■ **WORK REQUIRED**
Set out exactly, and with nothing added, the line containing "23665 Stonehenge Blvd, Novi, MI 48375" and every line after it through the final line of the data.

■ **Scraped caption text data**
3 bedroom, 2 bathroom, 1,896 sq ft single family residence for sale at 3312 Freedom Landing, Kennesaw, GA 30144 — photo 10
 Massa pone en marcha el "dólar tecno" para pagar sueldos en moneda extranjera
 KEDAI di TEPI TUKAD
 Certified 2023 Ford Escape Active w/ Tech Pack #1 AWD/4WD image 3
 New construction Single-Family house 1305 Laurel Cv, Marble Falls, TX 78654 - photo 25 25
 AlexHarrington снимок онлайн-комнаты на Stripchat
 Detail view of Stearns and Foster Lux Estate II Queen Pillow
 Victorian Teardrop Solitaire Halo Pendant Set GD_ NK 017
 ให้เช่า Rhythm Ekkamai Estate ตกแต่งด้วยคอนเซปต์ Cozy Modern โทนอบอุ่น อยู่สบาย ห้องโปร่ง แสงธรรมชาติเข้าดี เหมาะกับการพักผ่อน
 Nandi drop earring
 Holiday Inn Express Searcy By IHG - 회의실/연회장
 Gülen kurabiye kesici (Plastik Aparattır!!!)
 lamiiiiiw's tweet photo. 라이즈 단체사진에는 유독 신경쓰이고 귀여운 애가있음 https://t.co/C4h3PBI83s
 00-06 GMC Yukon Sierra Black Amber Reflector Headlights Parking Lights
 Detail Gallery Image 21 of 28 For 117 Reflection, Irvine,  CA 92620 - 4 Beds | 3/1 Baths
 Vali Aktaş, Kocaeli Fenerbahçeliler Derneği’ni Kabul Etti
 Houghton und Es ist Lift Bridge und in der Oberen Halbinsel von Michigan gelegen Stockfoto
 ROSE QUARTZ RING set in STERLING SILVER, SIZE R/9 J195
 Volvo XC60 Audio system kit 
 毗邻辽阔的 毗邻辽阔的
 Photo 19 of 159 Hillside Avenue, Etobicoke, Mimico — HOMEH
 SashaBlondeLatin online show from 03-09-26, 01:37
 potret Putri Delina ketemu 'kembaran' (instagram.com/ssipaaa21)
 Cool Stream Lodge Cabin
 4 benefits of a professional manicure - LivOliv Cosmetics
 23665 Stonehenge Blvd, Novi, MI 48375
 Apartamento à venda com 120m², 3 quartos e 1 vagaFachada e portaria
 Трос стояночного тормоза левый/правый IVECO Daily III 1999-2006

■ **OUTPUT OF THE EXERCISE**
 23665 Stonehenge Blvd, Novi, MI 48375
 Apartamento à venda com 120m², 3 quartos e 1 vagaFachada e portaria
 Трос стояночного тормоза левый/правый IVECO Daily III 1999-2006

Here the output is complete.